Martin O’Neill said the historic win over Germany sapped some of Ireland’s “intensity” for the 2-1 defeat to Poland last night — but criticised Robert Lewandowski and his side for their willingness to go down and stop the game.
The Irish manager also claimed it is “unfair” that suspensions are carried through to the play-offs, with John O’Shea and Jon Walters now set to miss Ireland’s first leg after their respective red card and booking.
O’Shea’s second booking for a foul on Lewandowski came at the end of a game in which Ireland looked much leggier than in the 1-0 win over Germany, although O’Neill lamented the fact that they could still have gone to Euro 2016 instead of Poland had Richard Keogh’s late header gone in.
“The Germany game gave us the opportunity tonight obviously to try and get a scoring draw or more, a win,” O’Neill said.
“We didn’t have the same intensity and that’s pretty natural really after a short turnaround, away from home, and maybe the brilliant victory gave us a lift, gave us the determination but just a little bit of intensity in the game was lost, particularly in the first half.
“It was hard to replicate that effort a couple of days later, away, against a very fine Polish side.”
He had some criticism for Poland’s willingness to go down - and a hint of a back-handed compliment when asked about Lewandowski, as O’Neill seemed to reference his diving.
“Poland a very fine side went down, but went down at every opportunity, as you would expect. It was very stop-start.

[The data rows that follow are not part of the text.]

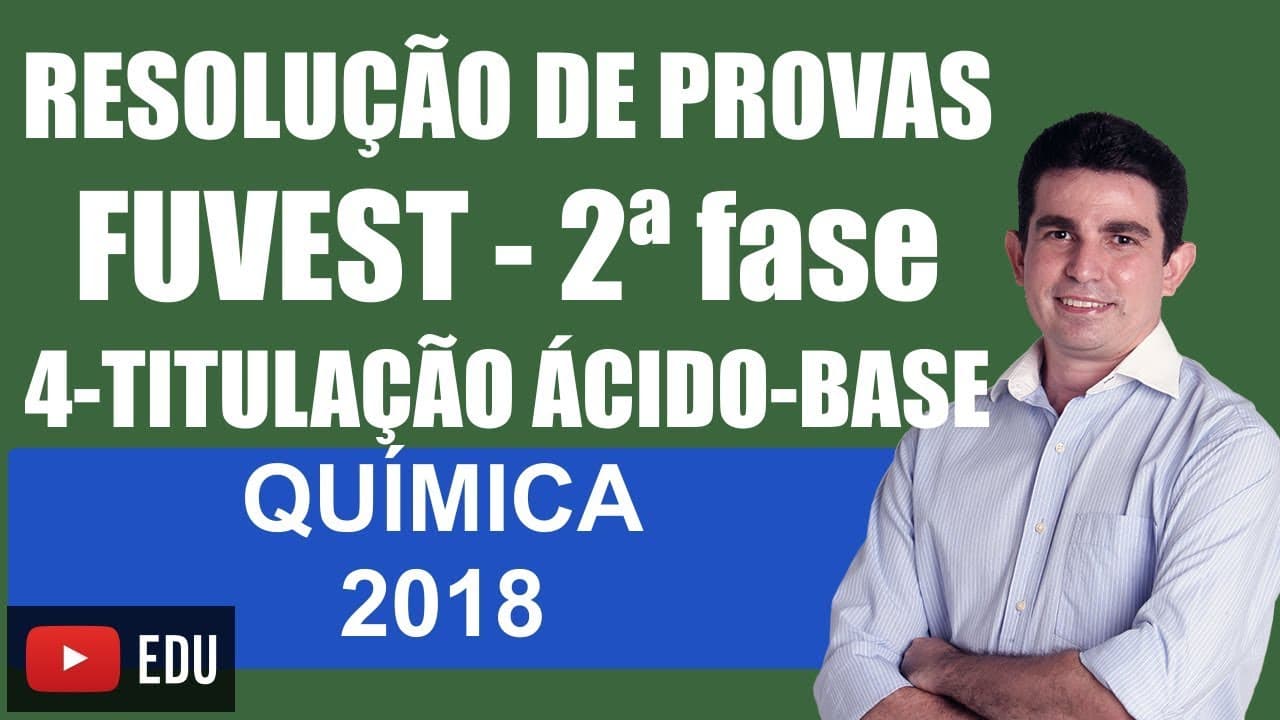 Thumbnail: Prova da Fuvest 2018 Segunda Fase Resolução da Específica de Química Questão 4 Titulação ácido base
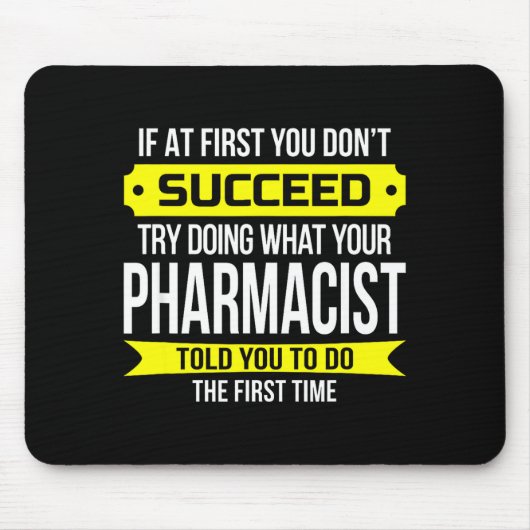 Pharmacist Gits If At First You Don't Succeed Funn Mousepad (Vorne)
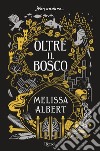 Oltre il bosco. E-book. Formato EPUB ebook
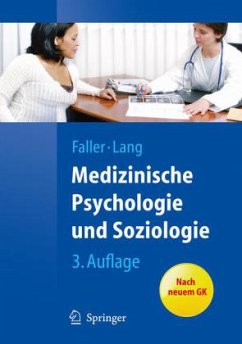 Medizinische Psychologie und Soziologie - Faller, Hermann; Lang, Hermann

“[Lewandowski] is world-class player, and he knows the game.
“He’s very very good. I mentioned here yesterday. [Leo] Messi and [Cristiano] Ronaldo, he is in another group of absolutely top-class players.
“Great control, and he knows the game.
“He knows when to control the game, and went to stop it. Poland should be very happy with him.
O’Neill did have some blame for O’Shea, saying he should have used more of his “experience” to avoid a second booking, and said that the suspension rules need looking — especially since some teams play more games, with one qualification group only having five teams.
“I didn’t think that the Polish players were going anywhere at the time,” O’Neill said.
“John could have used a bit of experience there if that was the case.
“Walters, Lewandowski’s played for the foul. He’s not only played for the foul, he’s gone down rather theatrically. I thought Jon was looking to get out of the way. That’s my take on it.
“So we lose those players. It seems crazy.
“I think it’s worth mentioning, very difficult to go 10 games without picking up suspensions.
“It seems unfair to carry it through to play-offs. One of the groups has only eight games.
“I think it’s something Uefa should have a look at.
O’Neill admitted Richard Keogh’s late headed chance was the key opportunity on a disappointing night.
The Derby County defender was on the end of Ireland’s sole clearcut chnce to nick a 2-2 draw in the second half, only for his close-range header to be saved by Lukasz Fabianski.
O’Neill said: “I’ve seen it back and and I’m naturally disappointed because I thought Richard probably would have scored and it is disappointing.
“We knew that at some stage or another, particularly in the last 15 minutes, that we would get an opportunity to score a goal.
“Richard heads the ball into the net, seven minutes left and we’re going to France. It’s that close.”
“That was it. We didn’t take it. It’s gone but we live to fight another day.”
O’Neill asserted his team would be prepared for a play-off.
“Some people saw it as a free hit. I never saw it like that.
“I wanted to cement our place there.
“We have two games to go, and the players will be ready.”
O’Neill added: “May I just take this opportunity to congratulate Poland on qualification.
“We’d like to be in that position, and join them in a month’s time if that’s possible.”